New York Court Addresses
Action by Written Consent in LLC, Breach of Contract Versus Breach of Fiduciary
Duty
In a quite short decision
issued from New York, the court provided some useful guidance with respect to
both member action by written consent and distinguishing claims for breach of
fiduciary duty from claims for breach of contract. Schindler v. Rothfeld, 153 A.D.3d 436, 60 N.Y.S.3d 125, 2017 N.Y.
Slip Op. 06145 (App. Div. 1st August 15, 2017.

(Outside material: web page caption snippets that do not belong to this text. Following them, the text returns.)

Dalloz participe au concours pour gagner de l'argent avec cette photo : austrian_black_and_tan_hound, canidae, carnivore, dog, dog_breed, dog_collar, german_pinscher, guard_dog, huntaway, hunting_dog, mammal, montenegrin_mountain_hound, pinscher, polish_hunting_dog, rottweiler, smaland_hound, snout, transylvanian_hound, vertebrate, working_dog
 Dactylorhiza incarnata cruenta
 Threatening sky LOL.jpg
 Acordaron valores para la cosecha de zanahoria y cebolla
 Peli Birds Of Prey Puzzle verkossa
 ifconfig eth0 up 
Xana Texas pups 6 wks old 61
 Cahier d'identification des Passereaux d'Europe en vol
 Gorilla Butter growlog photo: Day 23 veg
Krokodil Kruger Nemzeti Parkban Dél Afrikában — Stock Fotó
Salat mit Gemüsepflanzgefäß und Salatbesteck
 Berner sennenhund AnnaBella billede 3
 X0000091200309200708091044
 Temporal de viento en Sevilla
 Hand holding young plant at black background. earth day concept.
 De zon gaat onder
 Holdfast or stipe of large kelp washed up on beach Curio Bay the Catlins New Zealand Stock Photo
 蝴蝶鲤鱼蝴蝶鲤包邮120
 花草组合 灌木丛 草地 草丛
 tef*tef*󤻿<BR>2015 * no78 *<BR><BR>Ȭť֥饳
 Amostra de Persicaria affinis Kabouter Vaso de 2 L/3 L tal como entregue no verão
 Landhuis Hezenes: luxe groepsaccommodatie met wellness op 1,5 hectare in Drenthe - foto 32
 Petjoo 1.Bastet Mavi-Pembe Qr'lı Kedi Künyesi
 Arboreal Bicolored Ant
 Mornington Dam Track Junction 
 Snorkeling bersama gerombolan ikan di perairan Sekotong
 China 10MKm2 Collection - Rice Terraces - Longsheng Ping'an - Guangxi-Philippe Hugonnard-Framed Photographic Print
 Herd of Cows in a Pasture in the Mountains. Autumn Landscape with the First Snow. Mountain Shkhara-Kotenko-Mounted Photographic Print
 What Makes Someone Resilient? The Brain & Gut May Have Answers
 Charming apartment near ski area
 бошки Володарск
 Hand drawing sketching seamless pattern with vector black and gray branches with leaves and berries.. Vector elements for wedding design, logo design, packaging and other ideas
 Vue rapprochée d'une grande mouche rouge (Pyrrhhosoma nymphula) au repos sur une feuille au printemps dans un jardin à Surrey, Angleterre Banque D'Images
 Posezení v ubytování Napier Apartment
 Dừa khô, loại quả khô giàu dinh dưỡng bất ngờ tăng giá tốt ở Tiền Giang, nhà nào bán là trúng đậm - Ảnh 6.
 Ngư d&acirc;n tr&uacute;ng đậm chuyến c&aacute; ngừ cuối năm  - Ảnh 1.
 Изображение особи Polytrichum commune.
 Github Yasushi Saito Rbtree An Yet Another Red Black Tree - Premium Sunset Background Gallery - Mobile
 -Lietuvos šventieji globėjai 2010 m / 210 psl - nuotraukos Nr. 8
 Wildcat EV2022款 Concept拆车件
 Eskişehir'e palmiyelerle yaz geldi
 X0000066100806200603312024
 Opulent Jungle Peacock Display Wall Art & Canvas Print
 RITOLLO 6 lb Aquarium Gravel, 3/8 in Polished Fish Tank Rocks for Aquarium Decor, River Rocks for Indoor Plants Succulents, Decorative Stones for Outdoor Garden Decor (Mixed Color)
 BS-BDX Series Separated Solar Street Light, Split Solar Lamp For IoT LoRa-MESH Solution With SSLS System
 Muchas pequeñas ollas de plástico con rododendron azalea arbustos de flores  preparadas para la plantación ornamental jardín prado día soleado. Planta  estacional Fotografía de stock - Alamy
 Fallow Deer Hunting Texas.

This short decision does not
fully recite the factual background, but clearly the interpersonal relationship
among the members of the LLC and the manager had broken down. When the manager
was removed from that position, he objected that the removal was invalid as it was
done without a formal meeting of the members with prior notice. The court
rejected the manager’s claim on the basis that the operating agreement provided
that “any action that might be taken at a meeting could be taken by informal
action where, as here, a majority of the members agreed to take it, and that
notice of the decision to take an informal action was not required to waive the
meeting requirement.”
The court did allow to proceed
a claim against one of the members that she failed to satisfy the obligation,
undertaken in the operating agreement, to “devote her full-time services
exclusively to the company,” indicating that these allegations “state a cause
of action for breach of contract.” While that claim was allowed to proceed
forward, the court rejected the claim that that same conduct constituted a
breach of fiduciary duty as the fiduciary duty claims were “premised upon the
allegations underlying part of the breach of contract counterclaims.”